Can we hang on in our liminality long enough? Can we somehow live with the mustard wallpaper, the endless maze of hallways, the train that never comes, in the hope that one day it might. 

While we age and we find more white hairs and wrinkles, can we abide the nightmare just long enough to maintain hope that we can journey again? Can we find joy in the small achievements that others take for granted (I swept the floor yesterday, yay?). 
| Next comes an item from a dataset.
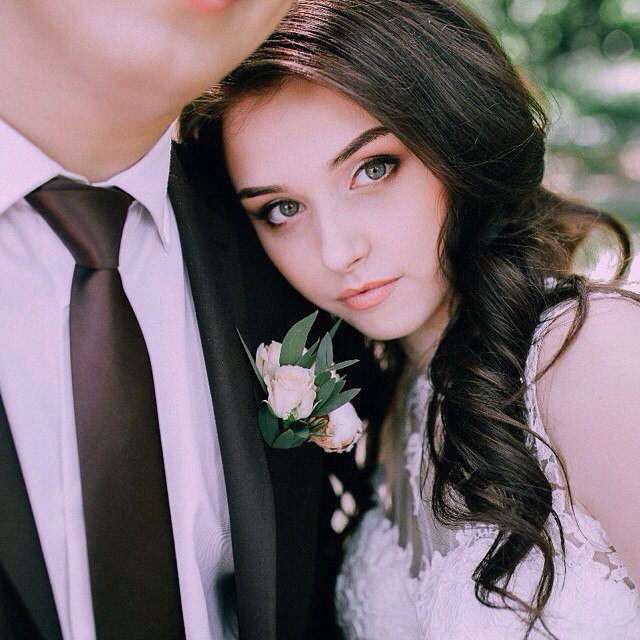 #Makeup - @vika_komarik #Hairstyle - @alinka_stetsyuk #Bride - @tsyatskajulia ❤️?? #makeup #byme #mac #blogger #wedding #mua #makeupartist #makeupartistkyiv in Sand Diego, CA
In the UK, our government appears to be finally taking a biological model of ME seriously, research is finding that microclots may be responsible for our exhaustion and a large scale DNA research programme is underway. We’re decades behind but things really could change for the better. There may not be a better day ahead, that’s the painful reality of ME. Hope itself is a painful thing. But we can stare the monster down while the crack of light grows brighter. Let’s stare the monster down together, for just another day at least. 

10 thoughts on “Living in the in between

  1. You’re an articulate man. I always felt my life was like in the film The Lovely Bones. A girl that was dead, but couldn’t let go of love and family so she clung to life in an in-between world between heaven and earth. It was neither here nor there. Great read.